● **YOUR GOAL**: Take the lines from the one with "this 345×236 image." through the end of the material below and repeat them exactly, dropping every picture.

◆ ◆ ◆ ◆

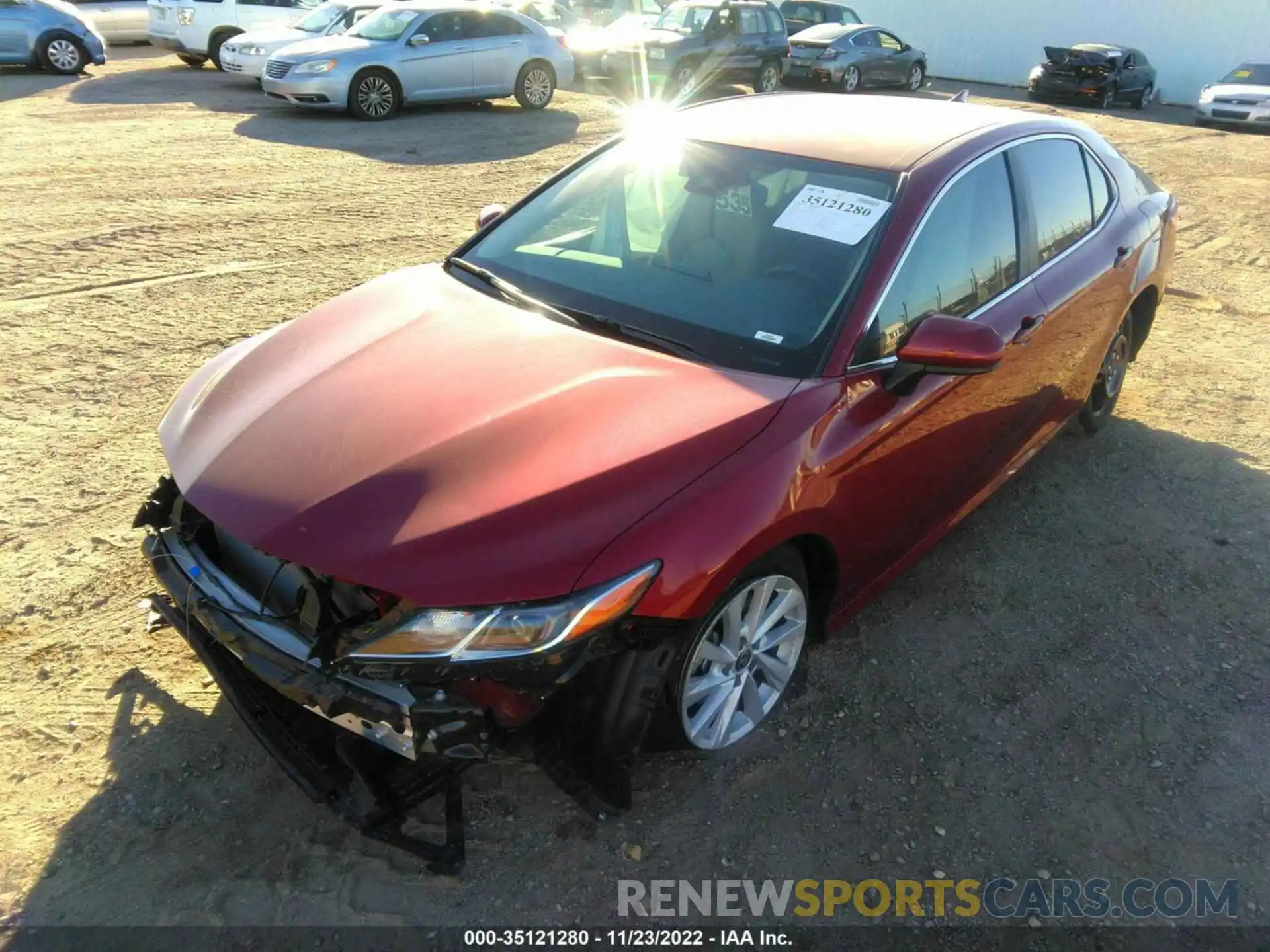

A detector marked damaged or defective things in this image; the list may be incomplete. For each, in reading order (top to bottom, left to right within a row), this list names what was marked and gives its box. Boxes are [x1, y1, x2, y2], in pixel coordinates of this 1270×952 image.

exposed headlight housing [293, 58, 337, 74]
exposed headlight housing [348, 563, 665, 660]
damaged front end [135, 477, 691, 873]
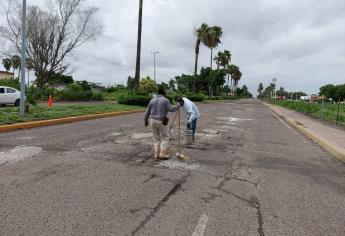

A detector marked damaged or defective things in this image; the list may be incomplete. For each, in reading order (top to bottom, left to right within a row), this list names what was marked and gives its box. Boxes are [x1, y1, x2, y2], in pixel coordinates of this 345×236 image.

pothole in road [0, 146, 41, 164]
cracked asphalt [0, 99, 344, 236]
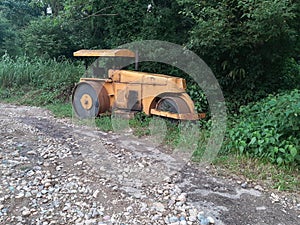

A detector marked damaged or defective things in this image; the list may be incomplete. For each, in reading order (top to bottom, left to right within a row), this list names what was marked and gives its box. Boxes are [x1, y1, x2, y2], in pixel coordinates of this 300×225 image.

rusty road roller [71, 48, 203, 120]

◆ ◆ ◆ ◆

● **ANSWER SECTION**:
A detector marked damaged or defective things in this image; the list may be incomplete. For each, in reading order (top to bottom, left to right within a row), this list names what was marked and gives its box. Boxes are [x1, y1, x2, y2], in pixel coordinates of this 345×236 image.

pothole in road [0, 146, 41, 164]
cracked asphalt [0, 99, 344, 236]

A detector marked damaged or defective things in this image; the list may be incomplete. For each, in reading order (top to bottom, left to right within a row), this list names what was marked and gives its box. Boxes are [x1, y1, x2, y2], in pixel coordinates of this 300×225 image.

rusty road roller [71, 48, 203, 120]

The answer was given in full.